Claire and Matthew were curled together. Mai had a pillow over her head, a .22 rifle leaned against her nightstand. I went back to the kitchen and pointed the light at the boy. Audrey didn’t react. Maybe she thought it was a dream.
“There is nothing here for us,” I said. “We cannot stay in this house any longer.”
We filled the backpack with ammunition, leftover cornbread, and a few jars of preserves. In a clay dish by the door, we found two Ford keys. I took both. We stole Matthew’s truck, camouflaged and outfitted with mud tires and a steel bear cage.
The console held maps of Marshall, bordered by the French Broad River and a highway. The master map showed substations, water towers, dams, warehouses, schools, surveillance locations, crews, meeting points, and patrol routes.
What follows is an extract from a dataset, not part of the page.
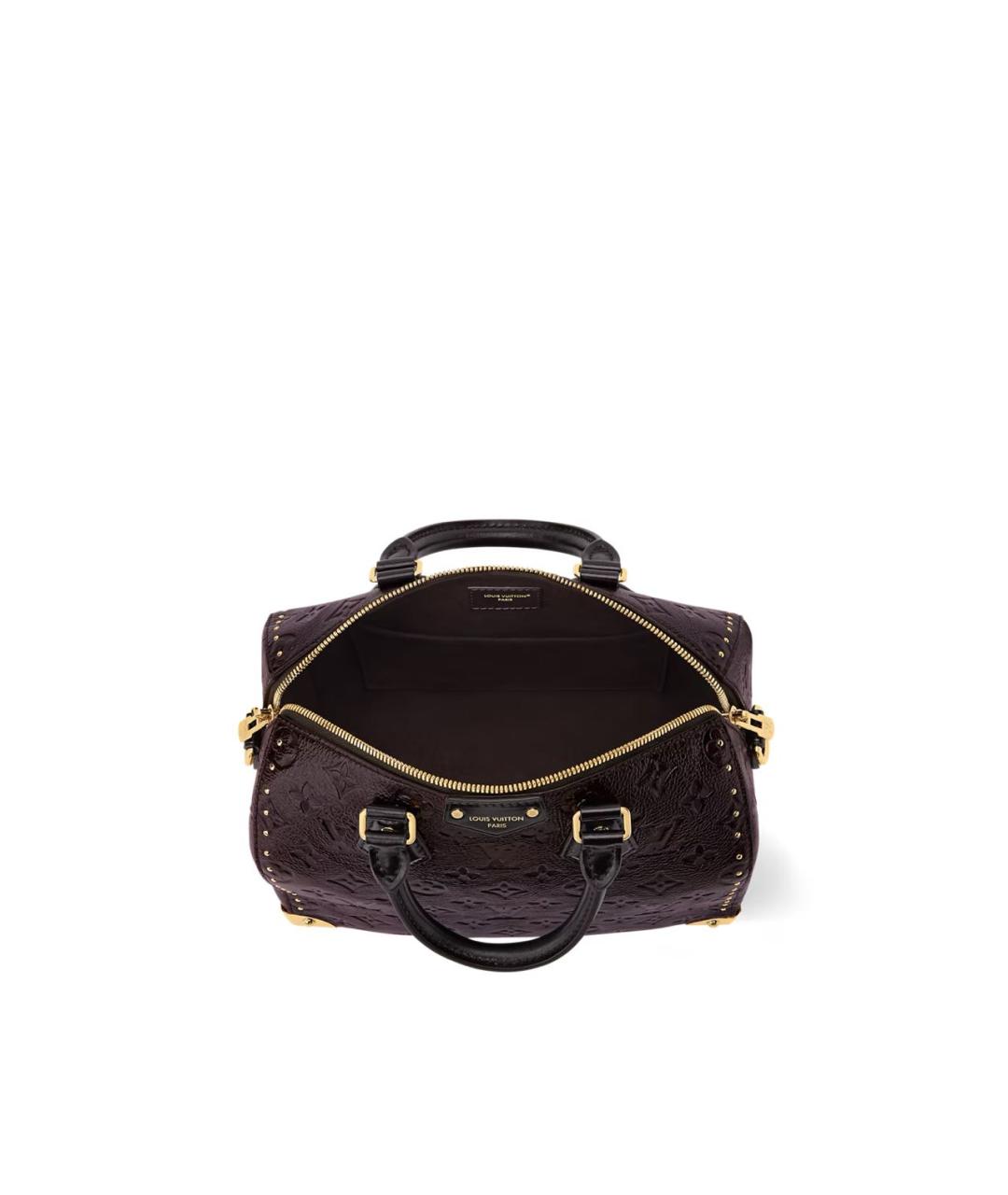 LOUIS VUITTON Коричневая сумка с короткими ручками, фото 3
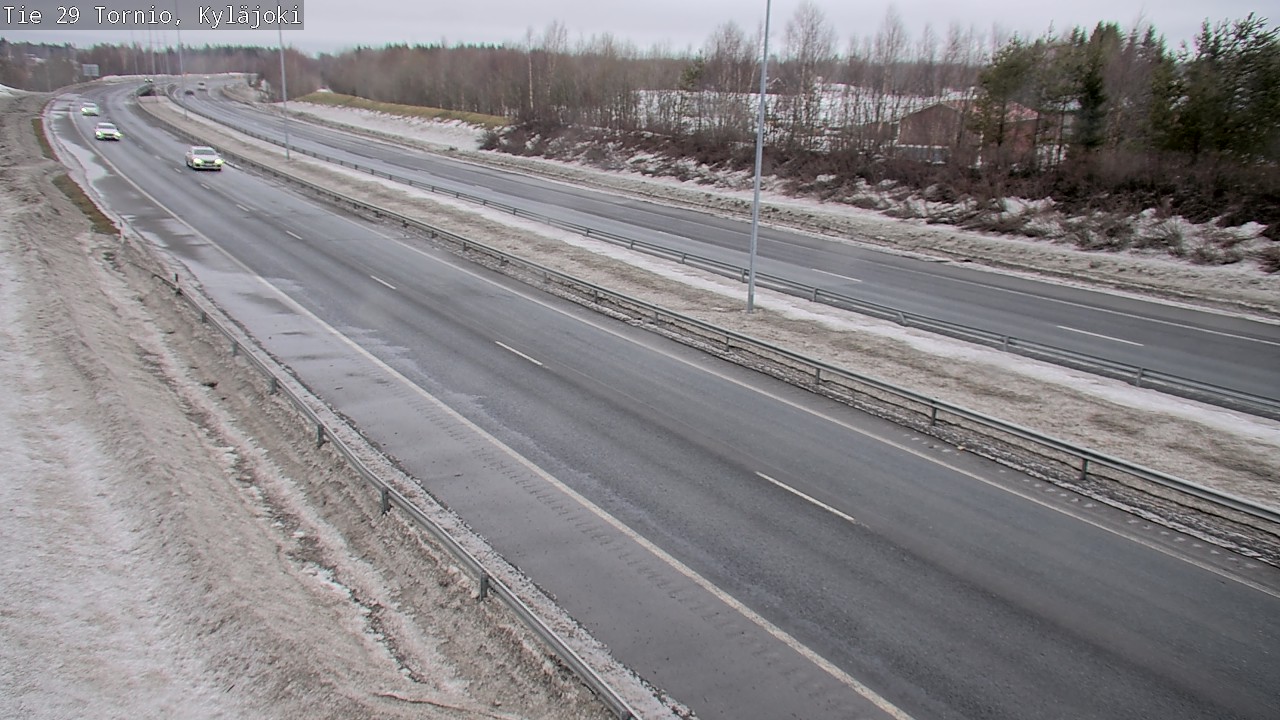 Kelikamerat Kuva Tie 29 Tornio Kyläjoki, Tornio, Lappi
More importantly, it detailed blockades, shift changes, radio frequencies and pass codes. Carefully, I backed out of the driveway. We headed slowly toward the first checkpoint.
“So,” Audrey sounded upset. “We’re heading to the river?”
“We can’t drive out of here.”
“We’ll swim?”
“We’ll find a boat.”
She shook her head.
“This is unreal, Jack.”
“I know.”
“No. Not this,” she pointed out the window. “But this idea. We don’t have a boat. We don’t know where to find one. We’re liable to drown. To get shot. To tip over. I don’t trust you.”
We rode in the gentle hum of the exhaust. The truck was finally warm. I turned on the heater and held my hands up to the vents. “I didn’t ask you to trust me. I didn’t say I had a great idea.”
“I thought you had all the ideas,” she was serious.